EXERCISE OBJECTIVE —
Using the records below, return exactly the lines from the one containing "Professional gutter cleaning in Seminole, AL" through the last, and omit pictures.

Stored data —
=-=-=

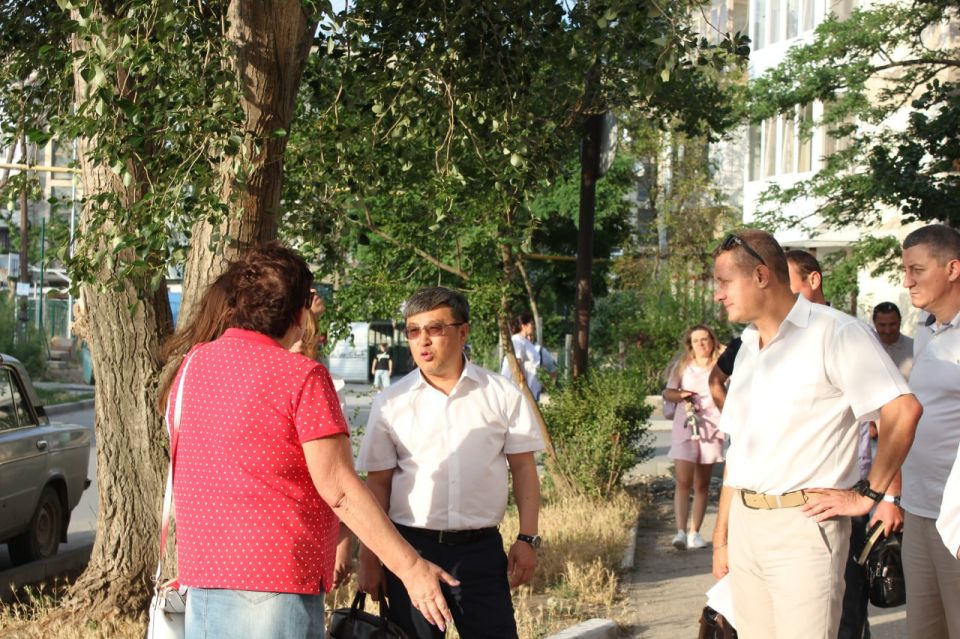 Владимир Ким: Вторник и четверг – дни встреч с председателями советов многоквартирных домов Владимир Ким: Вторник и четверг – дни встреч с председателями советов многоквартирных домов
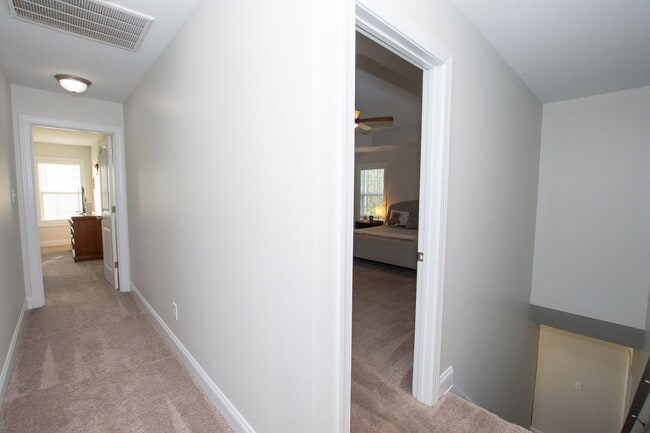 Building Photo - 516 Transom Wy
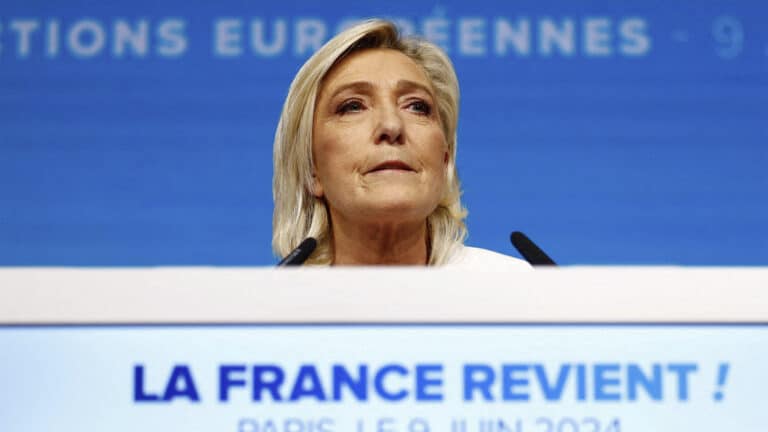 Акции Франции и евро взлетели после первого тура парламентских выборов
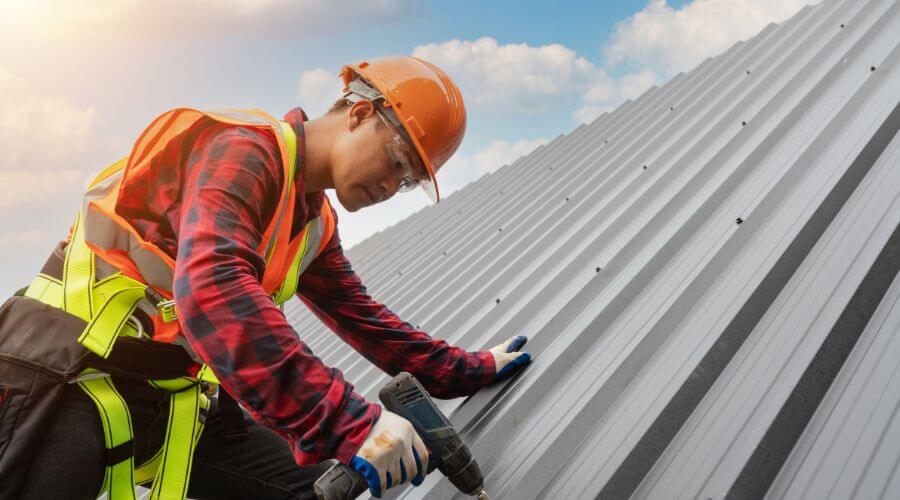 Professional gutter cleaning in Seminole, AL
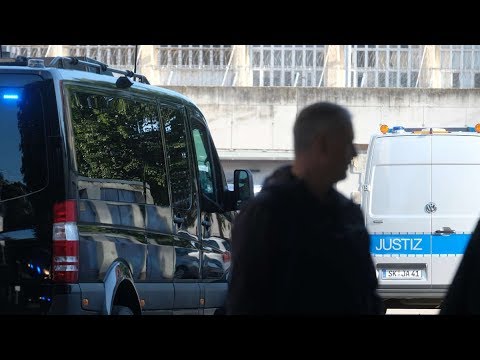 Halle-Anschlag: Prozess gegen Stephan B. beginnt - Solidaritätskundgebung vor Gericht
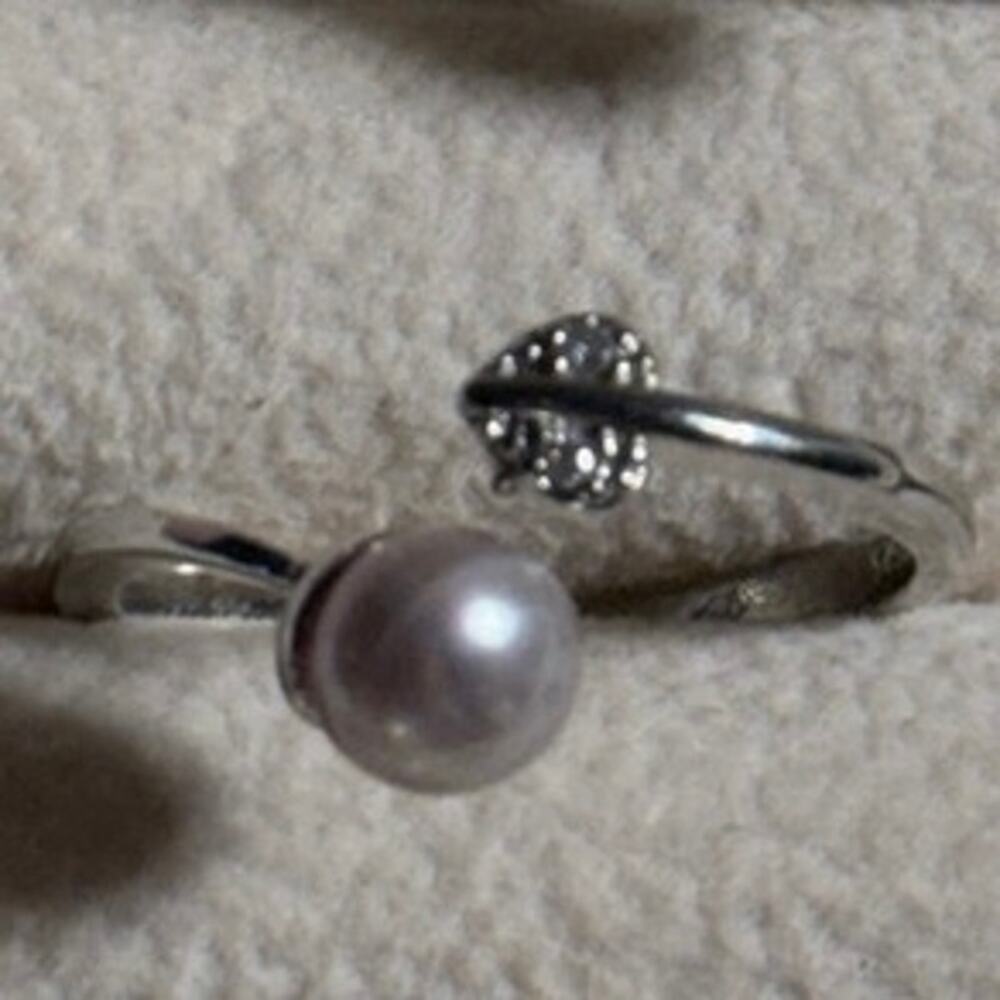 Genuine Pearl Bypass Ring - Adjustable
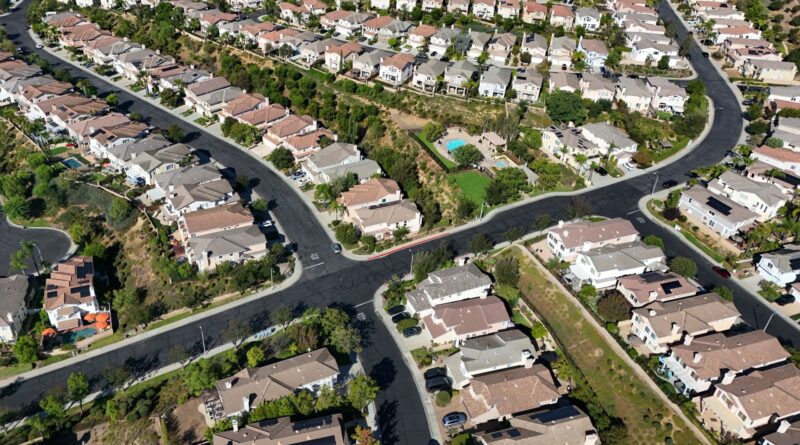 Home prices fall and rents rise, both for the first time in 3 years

=-=-=

TASK ANSWER —
 Professional gutter cleaning in Seminole, AL
 Halle-Anschlag: Prozess gegen Stephan B. beginnt - Solidaritätskundgebung vor Gericht
 Genuine Pearl Bypass Ring - Adjustable
 Home prices fall and rents rise, both for the first time in 3 years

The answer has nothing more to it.